Biografi Sayyid Ali Khala’ Ghasam bin Alwi bin Muhammad

 
Biografi Sayyid Ali Khala’ Ghasam bin Alwi bin Muhammad
Sumber Gambar: Makam Imam Ali Khali' Qasam (Zanbal, Hadhramaut)
  1. Daftar Isi Biografi Sayyid Ali Khala’ Ghasam bin Alwi bin Muhammad

1.    Riwayat Hidup dan Keluarga
1.1  Lahir
1.2  Riwayat Keluarga
1.3  Nasab
1.4  Wafat

2.    Sanad Keilmuan
3.    Perjalanan Hidup dan Dakwah
4.    Karomah-Karomah
5.    Referensi

 

1.  Riwayat Hidup dan Keluarga

1.1 Lahir
Sayyid Ali Khala’ Ghasam bin Alwi bin Muhammad dilahirkan di Bait Jubair Hadramaut.
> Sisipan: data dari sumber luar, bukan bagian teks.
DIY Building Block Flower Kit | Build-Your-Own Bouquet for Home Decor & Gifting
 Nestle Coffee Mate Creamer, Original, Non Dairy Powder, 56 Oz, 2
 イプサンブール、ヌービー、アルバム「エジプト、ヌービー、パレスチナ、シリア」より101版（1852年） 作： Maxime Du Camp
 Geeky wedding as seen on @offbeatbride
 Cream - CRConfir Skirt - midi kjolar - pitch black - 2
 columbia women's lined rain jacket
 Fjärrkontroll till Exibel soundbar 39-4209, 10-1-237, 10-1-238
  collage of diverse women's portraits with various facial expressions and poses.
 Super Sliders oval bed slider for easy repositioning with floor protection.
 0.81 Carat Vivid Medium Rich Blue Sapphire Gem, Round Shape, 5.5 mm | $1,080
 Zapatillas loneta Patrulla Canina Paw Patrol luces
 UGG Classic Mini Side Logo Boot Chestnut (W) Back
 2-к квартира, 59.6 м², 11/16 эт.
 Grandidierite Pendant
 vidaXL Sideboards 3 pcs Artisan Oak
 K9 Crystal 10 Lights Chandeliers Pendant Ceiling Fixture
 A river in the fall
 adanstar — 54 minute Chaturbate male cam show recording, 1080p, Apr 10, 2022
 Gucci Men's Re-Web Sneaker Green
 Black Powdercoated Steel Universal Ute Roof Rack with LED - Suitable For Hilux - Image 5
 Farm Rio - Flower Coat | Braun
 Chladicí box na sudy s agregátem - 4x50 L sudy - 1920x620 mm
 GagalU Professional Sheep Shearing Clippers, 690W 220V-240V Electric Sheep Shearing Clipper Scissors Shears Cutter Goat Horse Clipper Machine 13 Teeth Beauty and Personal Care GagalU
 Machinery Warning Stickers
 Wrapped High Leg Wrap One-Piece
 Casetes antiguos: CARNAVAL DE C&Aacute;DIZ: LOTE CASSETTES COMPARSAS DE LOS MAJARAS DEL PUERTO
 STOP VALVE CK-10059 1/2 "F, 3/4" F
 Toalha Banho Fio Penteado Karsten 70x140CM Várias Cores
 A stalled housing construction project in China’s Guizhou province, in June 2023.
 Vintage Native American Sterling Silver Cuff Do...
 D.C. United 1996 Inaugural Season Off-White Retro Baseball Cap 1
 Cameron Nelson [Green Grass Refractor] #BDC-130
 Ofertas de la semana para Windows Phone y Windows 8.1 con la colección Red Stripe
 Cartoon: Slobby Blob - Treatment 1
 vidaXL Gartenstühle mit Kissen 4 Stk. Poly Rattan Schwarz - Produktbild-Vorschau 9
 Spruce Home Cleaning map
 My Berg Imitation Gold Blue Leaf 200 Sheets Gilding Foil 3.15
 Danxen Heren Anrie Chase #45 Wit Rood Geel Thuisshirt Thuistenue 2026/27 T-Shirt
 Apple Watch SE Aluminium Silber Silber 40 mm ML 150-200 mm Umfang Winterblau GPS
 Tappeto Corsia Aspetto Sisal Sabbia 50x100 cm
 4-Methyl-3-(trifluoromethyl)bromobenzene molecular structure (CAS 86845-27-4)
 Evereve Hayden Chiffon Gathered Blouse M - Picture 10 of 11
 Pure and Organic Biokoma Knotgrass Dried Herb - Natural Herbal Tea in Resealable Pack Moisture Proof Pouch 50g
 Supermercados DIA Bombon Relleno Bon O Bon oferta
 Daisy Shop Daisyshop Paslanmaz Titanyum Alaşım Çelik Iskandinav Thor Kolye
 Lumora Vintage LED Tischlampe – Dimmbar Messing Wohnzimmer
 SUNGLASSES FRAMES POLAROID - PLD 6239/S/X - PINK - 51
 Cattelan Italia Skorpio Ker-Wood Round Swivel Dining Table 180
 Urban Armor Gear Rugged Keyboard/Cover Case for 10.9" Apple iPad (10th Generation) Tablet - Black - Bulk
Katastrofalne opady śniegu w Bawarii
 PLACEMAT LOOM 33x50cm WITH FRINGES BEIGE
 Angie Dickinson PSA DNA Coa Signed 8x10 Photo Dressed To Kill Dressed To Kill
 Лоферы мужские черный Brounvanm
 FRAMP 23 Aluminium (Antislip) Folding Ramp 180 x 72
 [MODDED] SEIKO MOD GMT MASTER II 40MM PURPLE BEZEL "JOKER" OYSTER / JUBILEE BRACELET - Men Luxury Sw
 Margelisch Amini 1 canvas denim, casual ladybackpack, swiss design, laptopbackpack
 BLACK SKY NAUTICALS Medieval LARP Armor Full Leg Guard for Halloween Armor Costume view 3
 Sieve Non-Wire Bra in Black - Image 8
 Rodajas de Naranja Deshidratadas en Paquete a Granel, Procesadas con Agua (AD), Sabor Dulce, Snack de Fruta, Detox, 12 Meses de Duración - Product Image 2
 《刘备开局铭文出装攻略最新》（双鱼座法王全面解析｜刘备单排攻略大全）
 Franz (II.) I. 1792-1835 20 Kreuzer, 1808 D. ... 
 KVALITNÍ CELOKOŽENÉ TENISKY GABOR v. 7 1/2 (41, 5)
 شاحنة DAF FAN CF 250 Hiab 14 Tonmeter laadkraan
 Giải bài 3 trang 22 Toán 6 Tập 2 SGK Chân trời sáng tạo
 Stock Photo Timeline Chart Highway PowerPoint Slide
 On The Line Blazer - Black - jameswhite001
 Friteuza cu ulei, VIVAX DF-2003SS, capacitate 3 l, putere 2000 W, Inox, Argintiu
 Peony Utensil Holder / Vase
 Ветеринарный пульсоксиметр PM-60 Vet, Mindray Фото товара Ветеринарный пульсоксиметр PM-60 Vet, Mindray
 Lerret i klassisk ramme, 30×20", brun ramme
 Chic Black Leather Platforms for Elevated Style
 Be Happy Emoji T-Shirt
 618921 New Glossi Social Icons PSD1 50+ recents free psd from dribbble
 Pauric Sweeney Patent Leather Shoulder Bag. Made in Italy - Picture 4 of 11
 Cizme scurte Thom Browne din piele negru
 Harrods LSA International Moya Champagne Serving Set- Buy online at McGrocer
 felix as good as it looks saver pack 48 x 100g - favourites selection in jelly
Ayah beliau adalah Sayyid Alwi bin Muhammad bin Alwi Alawiyyin

1.2 Riwayat Keluarga
Dari pernikahannya Sayyid Ali Khala’ Ghasam bin Alwi bin Muhammad dikaruniai tiga orang anak  yaitu :

  1. Sayyid Abdullah
  2. Sayyid Husein
  3. Sayyid Muhammad Shahib Marbad

1.3 Nasab
Sayyid Ali Khala’ Ghasam bin Alwi bin Muhammad masih keturunan dari Nabi Muhammad Rasulullah SAW. Dengan urutan silsiah sebagai berikut

  1. Nabi Muhammad Rasulullah SAW
  2. Sayyidah Fatimah Az-Zahra Istri Sayyidina Ali bin Abi Thalib
  3. Al- Imam Husein
  4. Al-Imam Ali Zainal Abidin
  5. Al-Imam Muhammad Al-Baqir
  6. Al-Imam Ja’far Shodiq
  7. Al-Imam Ali Uraidhy
  8. Al-Imam Muhammad An-Naqib
  9. Al-Imam Isa Ar-Rumi
  10. Al-Imam Ahmad Al-Muhajir
  11. Sayyid Ubaidillah
  12. Sayyid Alwi Alawiyyin
  13. Sayyid Muhammad
  14. Sayyid Alwi
  15. Sayyid Ali Khala’ Ghasam

1.3 Wafat
Sayyid Ali Khala’ Ghasam wafat berkisar antara tahun 523 H hingga 529 H / 1103 sampai 1109 M. akan tetapi dalam kitab Nafa’is Al-‘Uqud fi Syajarah ‘alal Ba’abud, Habib Muhammad bin Husin Ba’abud menulis, Sayyid Ali Khala’ Ghasam meninggal pada tahun 527 H / 1107 M. sedangkan menurut Al-Ustadz Alwi bin Muhammad dalam kitab Syajarah as-Sa’adah ‘alal Bani ‘Alawy, Sayyid Ali Khala’ Ghasam wafat pada tahun 529 H / 1109 M. sementara dalam riwayat lain disebutkan, beliau wafat tahun 529 H / 1109 M. jasad beliau dimakamkan di makam Zanbal, Tarim, sebagai Ulama pertama dari keluarga Ba’Alawy dan cucu Imam Ahmad Al-Muhajir, yang dimakamkan di pemakaman Zanbal yang terkenal itu.

2. Sanad Keilmuan

Imam Ali bin Alwi dibesarkan dan dididik dalam asuhan ayahnya Imam Alwi bin Muhammad. Beliau adalah pemimpin kaum Alawiyin yang dikaruniai Allah ketajaman mata hati, hafal Alqur’an dan menguasai berbagai macam cabang ilmu, sangat dermawan, tawadhu’ dalam berbicara maupun bertindak serta berpakaian, ia tidak terlihat lebih menonjol dari yang lain. Jika beliau duduk bersama kaum khawas maupun kaum awam, orang tidak mengenali kalau beliau adalah seorang yang mempunyai kemuliaan yang tinggi, beliau melebur menjadi satu dengan dengan kumpulan jamaah tersebut.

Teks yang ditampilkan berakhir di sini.